Almost a year since the former Chancellor, George Osborne, in his last Autumn statement back in 2015, caused Hampstead landlords to ask whether buy to let is a viable investment option. He announced that landlords, when buying another buy to let property from April 2016, will have to pay an additional 3% stamp duty on top of the standard rate. So for example, It meant that the stamp duty bill for a £285,000 buy to let home rose from £8,550 under the original structure to £12,800 from April of last year. 




Some said that property in Hampstead would be worth less because potential landlords wont not be willing to pay as much for them, and if house builders or existing homeowners don't feel they are going to get as much for them, then there is less motivation to build / sell them?... and the person we can blame for this is George himself. Back in 2012, he choose to utilise the British housing market to kick start the UK economy, with  subsidies, Funding for Lending and Help to Buy. However, whilst that helped the Tory’s get back into power in 2015, some say this impressive growth in the UK property market has been at the expense of pricing out youngsters wanting to buy their first home.

Others say this is the straw that breaks the camel’s back as over the next four years Landlords will slowly lose the ability to offset all their mortgage interest against tax on rental income, after changes announced in the Summer Budget. At the moment, landlords can claim tax relief on buy to let mortgage monthly interest repayments at the top level of tax they pay (ie 40% or 45%). However, over the next four years this will reduced slowly to the basic rate of tax – currently 20%.
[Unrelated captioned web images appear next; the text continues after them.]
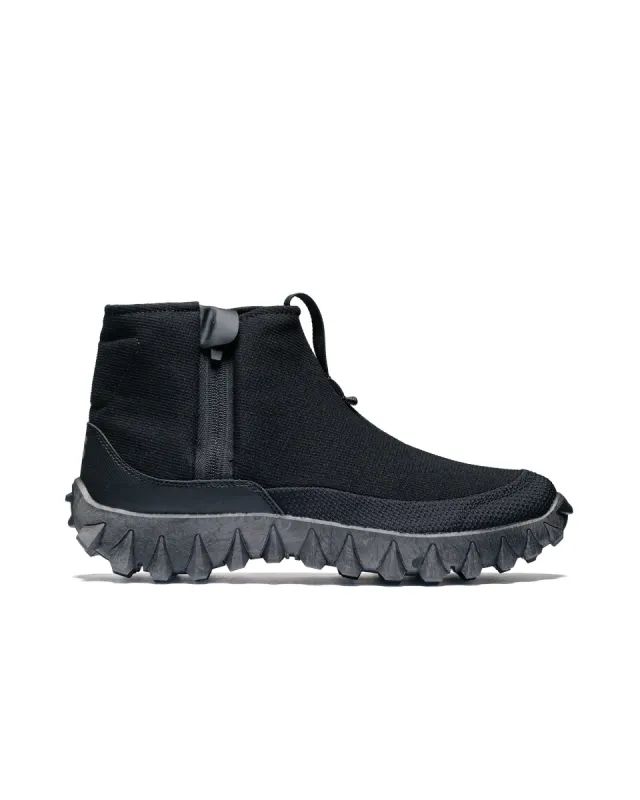 Salomon Snowclog Mid Black sold by Lost & Found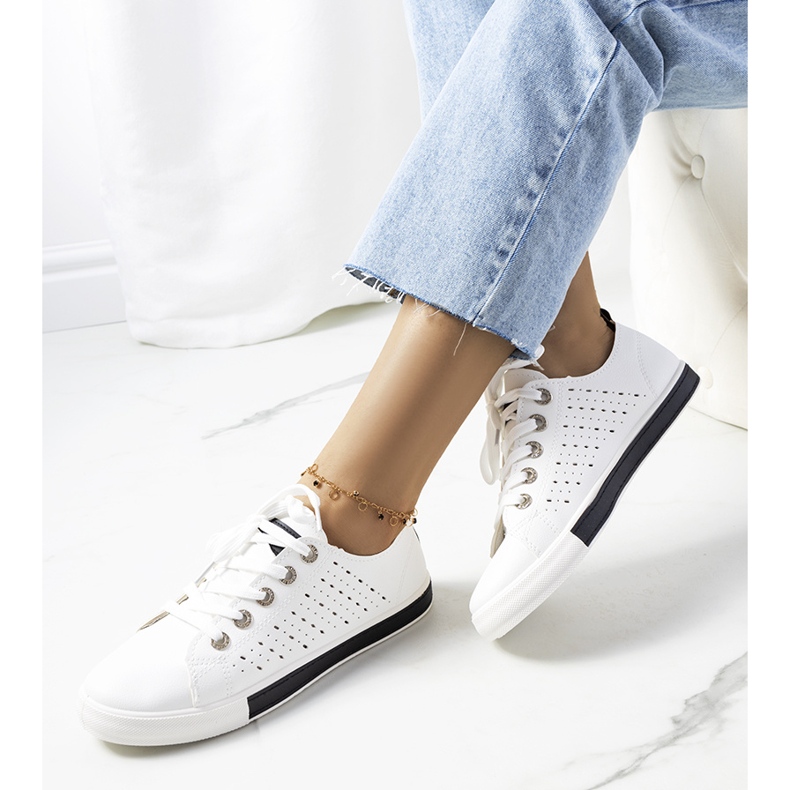 Baskets femme Tuuri noires et blanches 1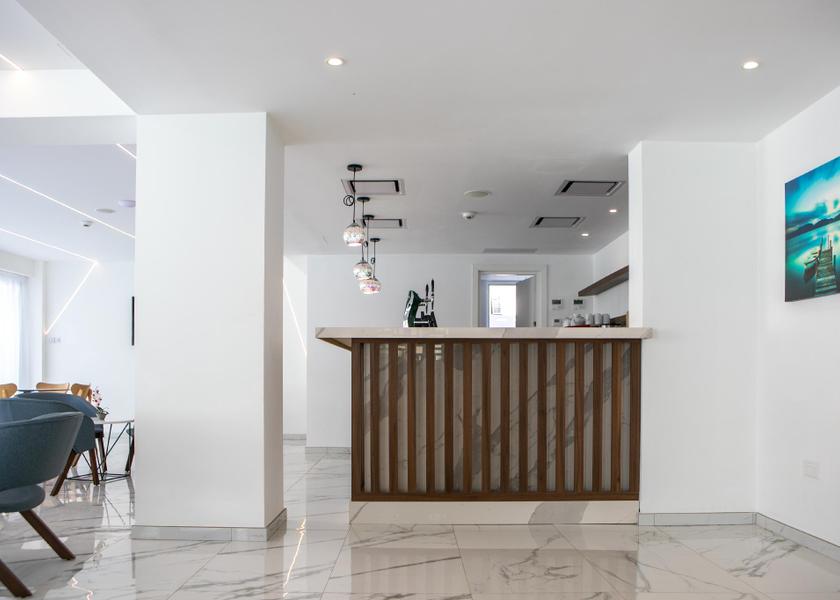 Larnaca District Larnaca reception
Surely, this is the end of Buy to Let in Hampstead? Probably.. but before we all run to hills panicking .. let me give you another thought.
Stamp Duty rules were changed in December 2014. Before then, landlords were eagerly buying up properties under the ‘old slab style Stamp Duty’ system. For example, the stamp duty bill on that £285,000 property was lower on the old slab style duty (pre Dec 2014), at £8,550, yet it isn’t a million miles away from new £12,800 stamp duty bill. Interestingly though, George Osborne had left some legal loopholes in the new rules, some of which were little known about. Below is the list of these.

The tax loopholes buyers are using to beat the stamp duty hike


  1. ·        Parents buying properties for their children can set up trust structures so the child is a beneficiary of a trust, meaning they won’t have to pay the extra tax.
  2. ·        Landlords who expected to miss the deadline but didn’t want to abandon the sale were negotiating with sellers to arrange to split the extra tax cost between them.
  3. ·        Investors who completed transactions before the April 1st 2016 deadline to beat the tax change were allowing sellers to stay living in the property until they found a new home.
  4. ·        Landlords who incorporate properties they already own also have to pay the increased tax. Many are transferring their properties into a limited company now to avoid having to pay the extra 3pc if they do this after April 1.

I believe that total returns from buy to let will continue to outpace other investments, such as the stock market, gilts, bonds and even pensions. Also, the best part about investing in property is that it is bricks and mortar. You can touch it, you can feel it, and it isn’t controlled by some City whiz kid in Canary Wharf .. the British understand property and that goes a long way!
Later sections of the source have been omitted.